**Task requirements**
Return the data that follows exactly as it appears. Pictures do not belong in the copy.

**Information supplied**
◆ ◆ ◆
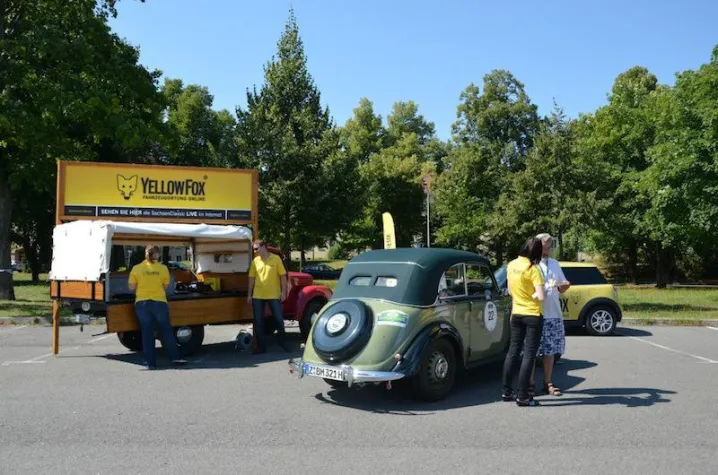 Bild: Oldtimer fahren mit Telematik-System von YellowFox zur Sachsen Classic 2012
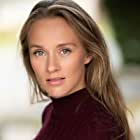 Lucinda Davidson به عنوان Lonceta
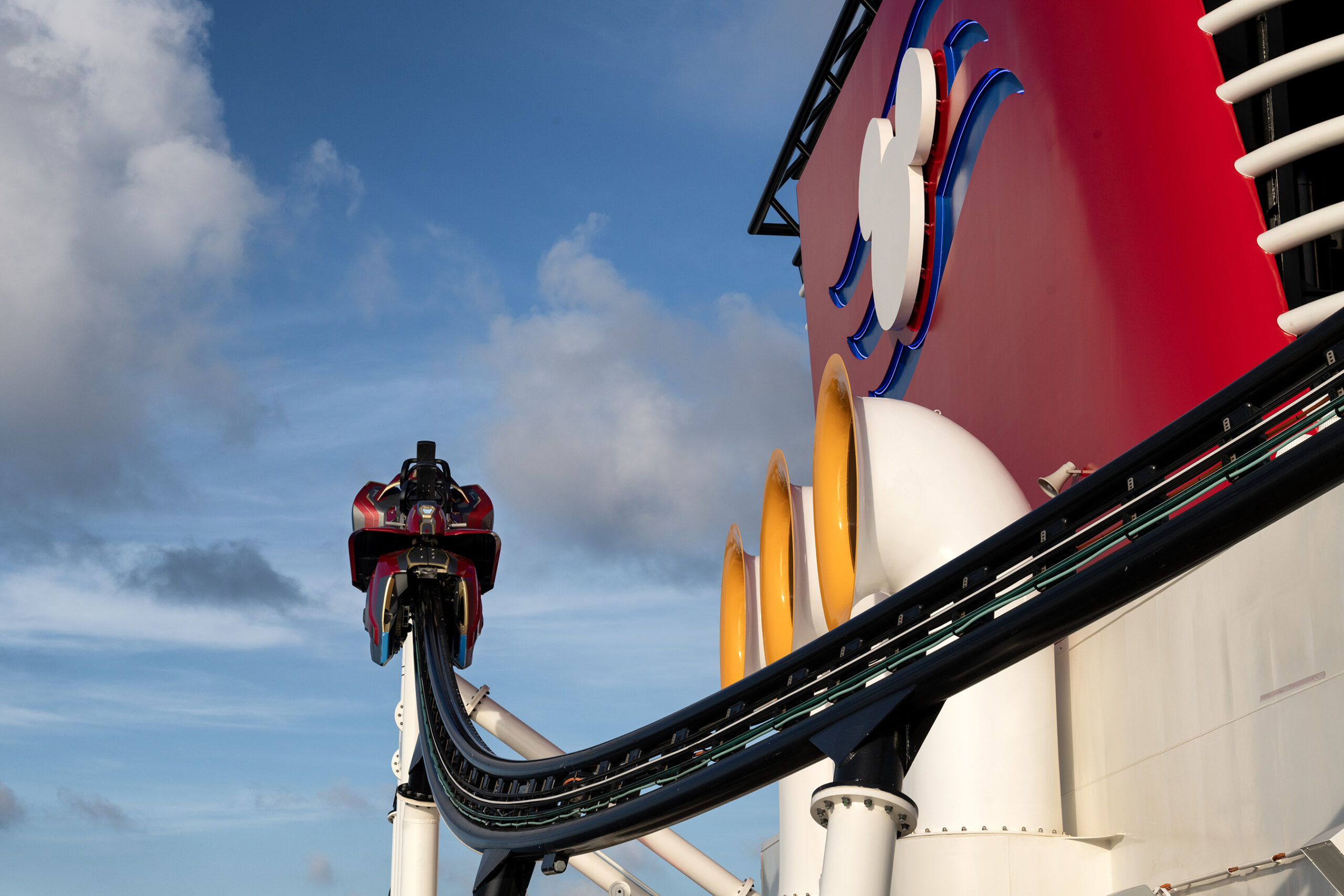 Disney Cruise Adventure memiliki wahana Iron Cycle, roller coaster di kapal sepanjang 250 meter.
◆ ◆ ◆
**Output for this task**
 Bild: Oldtimer fahren mit Telematik-System von YellowFox zur Sachsen Classic 2012
 Lucinda Davidson به عنوان Lonceta
 Disney Cruise Adventure memiliki wahana Iron Cycle, roller coaster di kapal sepanjang 250 meter.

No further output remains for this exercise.